Senior living providers must develop, implement and periodically review social media policies; train employees on appropriate use of social media; and investigate potentially inappropriate behavior related to social media when it has been identified, the National Center for Assisted Living recommends in guidance recently sent to members.

“While social media can offer a tremendous opportunity to effectively communicate assisted living events, distribute health and well-being materials and celebrate accomplishments, unfortunately it can also introduce potential risks to residents, employees and providers,” Lilly Hummel, NCAL’s senior director of policy, told McKnight’s Senior Living. “This tool offers critical information to help assisted living communities ensure that social media is used correctly.”

NCAL says that it, along with the American Health Care Association, developed the guidance at the request of members seeking to protect residents. The organizations began distributing the 11-page document on June 10.

The letter describes various social media platforms, details suggested components of a social media policy and related training, lists inappropriate uses of social media and what to do about them, and provides links to additional resources. It also advises employers to familiarize themselves with National Labor Relations Board guidance on social media use by workers and HIPAA privacy and security rules.

Last month, AHCA President and CEO Mark Parkinson and NCAL Chairman Christian Mason informed Sen. Charles Grassley (R-IA), chairman of the Judiciary Committee, of the impending issuance and other actions after he contacted them in April asking about the organizations’ positions on background checks, employee cell phone use at work and the prevention of elder abuse via social media.

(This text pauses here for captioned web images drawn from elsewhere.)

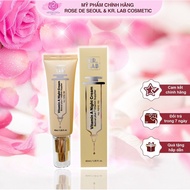 Kr.lab vitamin A night cream for moisturizing and brightening skin 40ml - retinal Kr.Lab limited to 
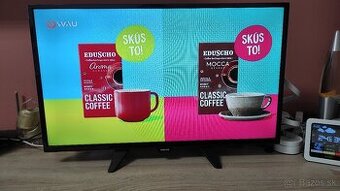 Predám televízor Philips 82cm uhlopriečka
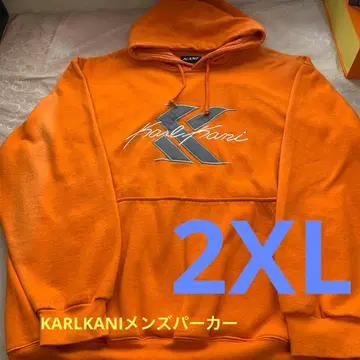 KARL KANI 남성용 후드티 XXL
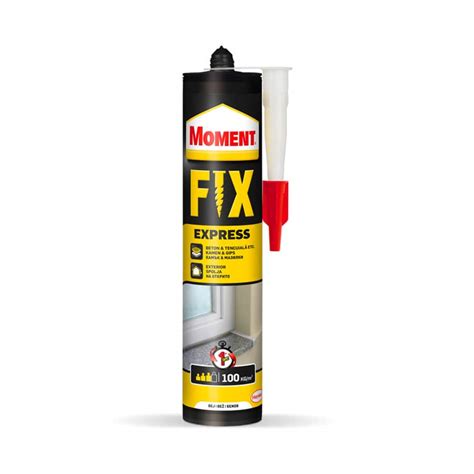 Adeziv universal de montaj Moment Fix - Presto Construct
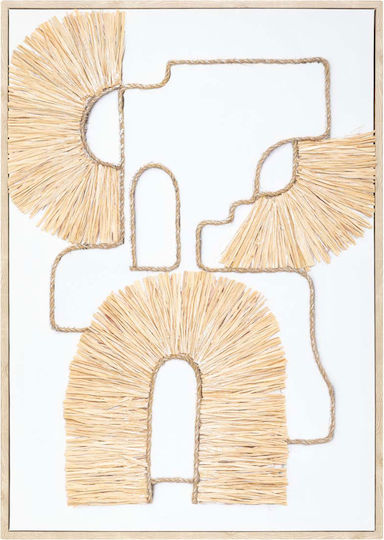 Πίνακας Ξύλινος 70x50 cm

“It is important that members of Congress and the experts in the private sector work together to find commonsense solutions to new forms of elderly abuse,” Grassley wrote.

Earlier this month, Grassley also sent letters to executives at Snapchat, Facebook and Instagram asking them to outline any steps they have taken to prevent the misuse of their platforms to exploit older adults in senior living communities. In all three letters, as he had done in his letter to AHCA/NCAL and in a March 14 letter to Attorney General Loretta Lynch, Grassley cited as an impetus an incident that occurred in January in an Illinois assisted living and memory care community in which a former certified nursing assisted allegedly hired three men to have sex with female residents with dementia while he recorded them. That CNA, Channing Butler, pleaded guilty on June 6 to three counts of solicitation to commit aggravated criminal sexual assault against three residents with dementia and faces up to 15 years in prison when he is sentenced July 29.